[Saved data entries]
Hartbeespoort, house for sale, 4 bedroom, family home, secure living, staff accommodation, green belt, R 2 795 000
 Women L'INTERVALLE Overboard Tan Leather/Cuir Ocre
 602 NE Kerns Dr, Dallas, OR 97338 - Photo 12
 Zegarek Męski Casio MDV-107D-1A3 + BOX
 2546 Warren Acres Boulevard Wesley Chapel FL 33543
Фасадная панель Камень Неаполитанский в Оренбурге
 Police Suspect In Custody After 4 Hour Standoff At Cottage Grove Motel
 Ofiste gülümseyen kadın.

=== WORK TO BE COMPLETED ===
With both ends included, please retype exactly the lines from the line containing "2546 Warren Acres" to the final line of the data.

=== TASK SOLUTION ===
 2546 Warren Acres Boulevard Wesley Chapel FL 33543
Фасадная панель Камень Неаполитанский в Оренбурге
 Police Suspect In Custody After 4 Hour Standoff At Cottage Grove Motel
 Ofiste gülümseyen kadın.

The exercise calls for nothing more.